Assuming that each rule is equally important, do you think one of the 8 is particularly relevant?
«They can be more or less important and useful at different stages of our lives and in our relationships. For example, if a person has never spent time alone and doesn’t feel connected to themselves, rule #1. 1 may be your preference. If, on the other hand, what is lacking is an objective, rule n. 5 can be inspirational.”
Are there any signs in your experience that indicate we have met the right person?
“One of the biggest indicators is whether you feel you can grow with the other person. Relationships where one person wants to grow as a couple and the other doesn’t tend to be complicated.”
How has the way he loves changed since meeting his wife?
“I have learned a lot living with my wife, Radhi. He is my teacher! I learned with my wife that a partner is not there to meet your needs or fill your gaps. Radhi and I try to support each other in our individual projects and thus we connect from different living spaces, positively influencing each other. Growing up together.”
You have been married for many years. Is there any secret to not taking each other for granted when you’ve been together for a long time?

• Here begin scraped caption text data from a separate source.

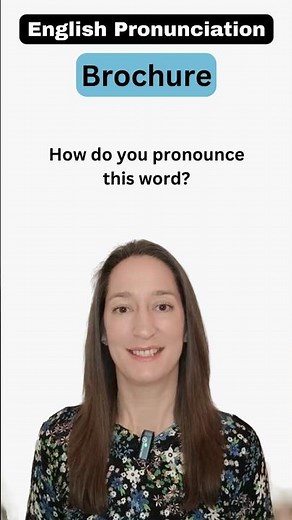 How to pronounce BROCHURE (UK and US)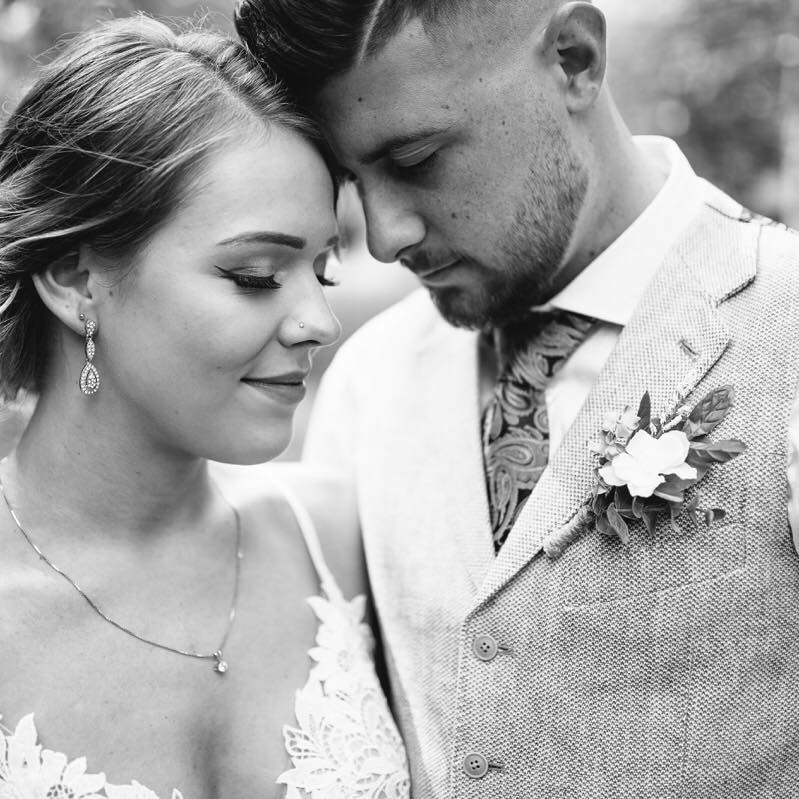 Megan and Caleb Bryce were married in June 2020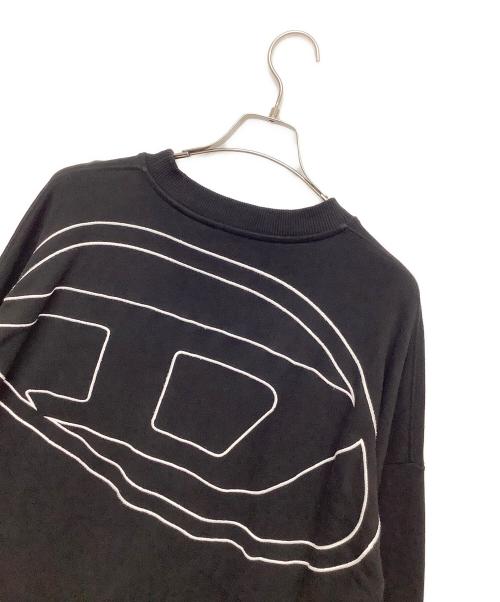 DIESEL（ディーゼル）DIESEL (ディーゼル) クルーネックスウェット ブラック サイズ:不明の古着・服飾アイテム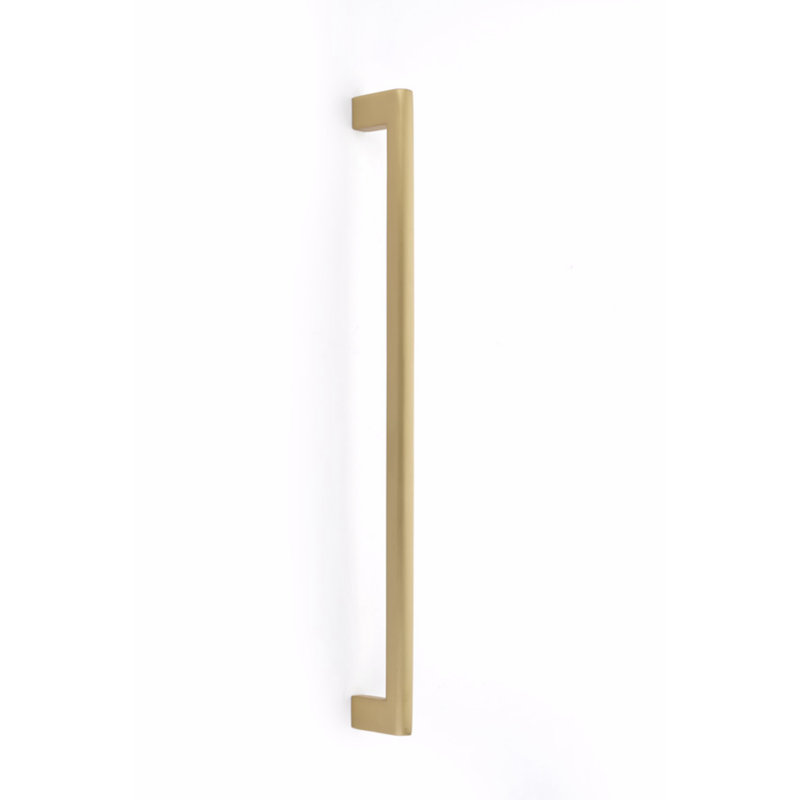Emtek Trail Appliance Pull (Concealed Surface Mount), Satin Brass, 18" Center to Center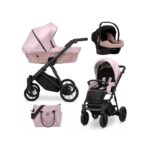 Bērnu rati 3in1 IVENTO nr. 13 pink metalic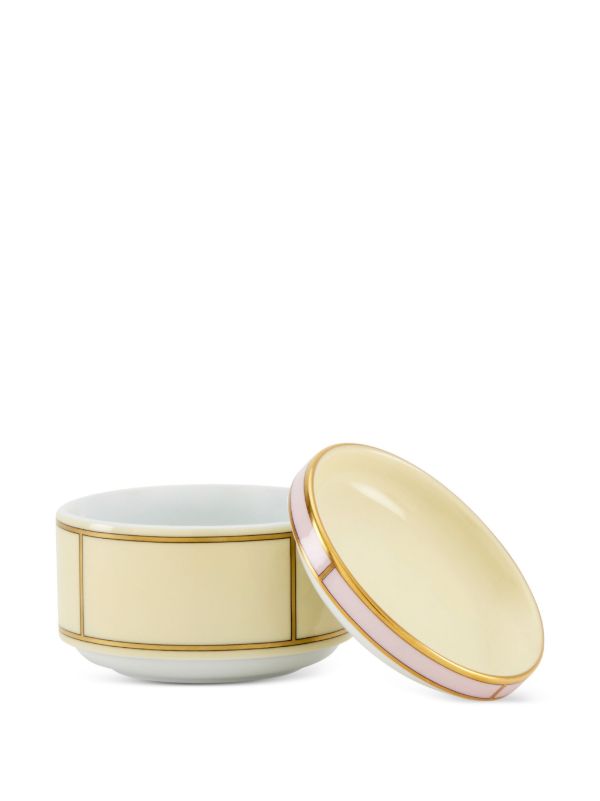 GINORI 1735 Yellow Diva Porcelain Sugar Bowl | Browns Plates & Bowls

“While writing this book, I came across research that indicated that most long-term relationships end because one person loses touch with the other. Which means stop making an effort to feel connected and close. For example, no longer try to ask small but important questions like: “How was your day today?”“Do you have something to worry about?”, “Do you need to talk?”. These are small but fundamental daily gestures of commitment. My advice is to work out every day to stay connected. Ask your partner questions and listen honestly”.
He talked about having a constructive debate with his partner. But how is this done in practice?
“We have to change the way we conduct discussions and quarrels. When there is a disagreement we always think that the problem is with our partner. But it is not so. The cause of the discord or misunderstanding is the problem: You and your partner are a team that needs to find a way to deal with it together., This change of mindset can bear great fruit. And then I advise you, when you are arguing, don’t do it sitting opposite each other: sitting together will serve to remind each other that you are united on the same side. And it will be very easy to reach a positive resolution of the dispute, I guarantee it ».
Do you have any favorite quotes about love to share with us?
“To love is not to look at each other but to look together in the same direction”. From Little Princess by Antoine de Saint-Exupery».